One range is to be output from the listing below, exactly as written: the line with "Bow-Detail Ballet Flats" to the line with "Mamacita needs a margarita fun graphic tee.", both kept.

- _DATA RECORDS_:
________

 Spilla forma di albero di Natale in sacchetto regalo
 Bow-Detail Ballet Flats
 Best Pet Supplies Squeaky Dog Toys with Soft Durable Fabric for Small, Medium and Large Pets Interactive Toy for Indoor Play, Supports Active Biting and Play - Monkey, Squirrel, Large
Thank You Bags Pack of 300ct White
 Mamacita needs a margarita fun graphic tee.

________

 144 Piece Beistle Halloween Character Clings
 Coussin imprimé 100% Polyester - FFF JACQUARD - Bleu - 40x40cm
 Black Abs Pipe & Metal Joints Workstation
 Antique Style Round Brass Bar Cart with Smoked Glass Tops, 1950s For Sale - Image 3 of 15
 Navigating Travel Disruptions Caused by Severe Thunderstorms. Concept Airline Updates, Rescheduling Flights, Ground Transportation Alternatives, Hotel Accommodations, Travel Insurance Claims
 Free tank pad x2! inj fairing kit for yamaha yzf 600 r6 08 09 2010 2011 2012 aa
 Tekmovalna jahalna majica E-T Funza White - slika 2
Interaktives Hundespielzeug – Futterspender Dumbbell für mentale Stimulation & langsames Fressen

________

- _RESPONSE FOR THIS EXERCISE_:
 Bow-Detail Ballet Flats
 Best Pet Supplies Squeaky Dog Toys with Soft Durable Fabric for Small, Medium and Large Pets Interactive Toy for Indoor Play, Supports Active Biting and Play - Monkey, Squirrel, Large
Thank You Bags Pack of 300ct White
 Mamacita needs a margarita fun graphic tee.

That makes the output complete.